Arabische Liga: Assad soll zurücktreten, will aber nicht

Die Arabische Liga fordert die syrische Führung auf, eine Regierung der nationalen Einheit zu bilden. Machthaber Assad soll zurücktreten. Syrien wies den Plan umgehend zurück.

Die Arabische Liga um ihren Sprecher Burhan Ghalioun (Mitte) mischt sich in nationale Angelegenheiten ein, meint die syrische Führung. Bild: dpa

BEIRUT/KAIRO dpa/rtr/afp | Die Arabische Liga fordert einen grundlegenden Wandel in Syrien. Nach längeren Beratungen in Kairo einigten sich die Außenminister der Liga am Sonntagabend in Kairo auf einen Friedensplan für Syrien, mit dem das monatelange Blutvergießen beendet werden soll. Dabei wurde der syrischen Machthaber Baschar al-Assad unmissverständlich zum Rücktritt aufgefordert. Assad solle in einer friedlichen Machtübergabe seine Befugnisse an Vizepräsident Faruk al-Scharaa übertragen. Dann sollte innerhalb von zwei Monaten eine neue Regierung der nationalen Einheit gebildet werden, an der auch die Opposition beteiligt werden müsse. Die Arabische Liga wollte für diesen Plan die Unterstützung des UN-Sicherheitsrates gewinnen.

Syrien wies diesen Plan der Arabischen Liga umgehend zurück. Das Staatsfernsehen zitierte am Montag einen Regierungsvertreter mit den Worten, bei den Vorschlägen handle es sich um einen "Angriff auf die nationale Souveränität" und eine "schamlose Einmischung in innere Angelegenheiten". Syrien lehne die Vorschläge ab. Sie widersprächen dem Willen des syrischen Volkes.

Die arabische Organisation beschloss bei der Sitzung der Außenminister zudem, den Einsatz ihrer Beobachter in Syrien um einen Monat zu verlängern. Das Königreich Saudi-Arabien kündigte jedoch nach Angaben des Nachrichtensenders Al-Arabija an, es werde seine Beobachter aus Syrien abziehen. Die Entsendung von Beobachtern der Arabischen Liga hatte nicht zu einem Rückgang der Gewaltaktionen von Armee und Polizei gegen Oppositionskräfte in Syrien geführt.
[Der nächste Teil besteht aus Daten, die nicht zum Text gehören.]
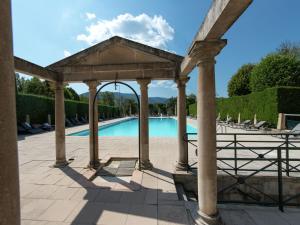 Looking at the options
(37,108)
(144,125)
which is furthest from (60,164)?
(37,108)

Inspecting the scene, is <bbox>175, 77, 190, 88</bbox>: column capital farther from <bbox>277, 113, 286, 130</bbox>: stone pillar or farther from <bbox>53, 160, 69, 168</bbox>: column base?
<bbox>277, 113, 286, 130</bbox>: stone pillar

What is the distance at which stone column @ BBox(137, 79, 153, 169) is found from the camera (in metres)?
6.66

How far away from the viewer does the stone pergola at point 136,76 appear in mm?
1749

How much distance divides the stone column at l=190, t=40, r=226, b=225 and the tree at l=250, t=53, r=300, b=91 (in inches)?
761

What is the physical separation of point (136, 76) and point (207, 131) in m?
3.64

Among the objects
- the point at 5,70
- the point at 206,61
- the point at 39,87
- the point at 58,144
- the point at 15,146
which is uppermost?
the point at 39,87

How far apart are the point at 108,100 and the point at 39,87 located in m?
20.8

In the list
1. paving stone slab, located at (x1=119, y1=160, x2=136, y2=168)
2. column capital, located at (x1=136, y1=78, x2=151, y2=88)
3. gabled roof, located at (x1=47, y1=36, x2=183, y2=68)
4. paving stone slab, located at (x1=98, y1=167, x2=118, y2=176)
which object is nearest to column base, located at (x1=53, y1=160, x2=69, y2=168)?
paving stone slab, located at (x1=98, y1=167, x2=118, y2=176)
Auch ein von der Liga mit der syrischen Führung vereinbarter Friedensplan blieb Makulatur.

In Syrien kamen allein an diesem Wochenende wieder rund 110 Menschen ums Leben. Seit Beginn der Proteste gegen das Regime von Präsident Baschar al-Assad sind nach Schätzungen der Vereinten Nationen rund 5.500 Menschen getötet worden. "Wir fordern die Arabische Liga offiziell auf, das Thema Syrien (endlich) an den UN-Sicherheitsrat zu übergeben", hatte der Syrische Nationalrat vor dem Treffen der Außenminister gefordert.

Am Samstag sollen in Syrien nach Angaben von Aktivisten 96 Menschen getötet worden sein. Am Sonntag habe es 13 Tote gegeben. Die meisten Opfer seien am Samstag in einem Krankenhaus und einer Leichenhalle in der Provinz Idlib entdeckt worden. An mehreren Orten habe es Angriffe auf Trauerfeiern für "Märtyrer" gegeben.

Sowohl die staatlichen Medien als auch die Opposition berichteten zudem von einem Sprengstoffanschlag auf einen Bus mit Gefangenen in Idlib. Nach offiziellen Angaben steckten "terroristischen Gruppen" hinter der Attacke. Die Protestbewegung erklärte am Sonntag, die Untersuchung der Leiche eines Mannes aus dem Bus habe gezeigt, dass dieser schon vier Tage zuvor durch Schüsse ums Leben gekommen sei. Außerdem seien Folterspuren zu erkennen gewesen. Sie meldete erneut Gefechte zwischen Deserteuren und den Regierungstruppen.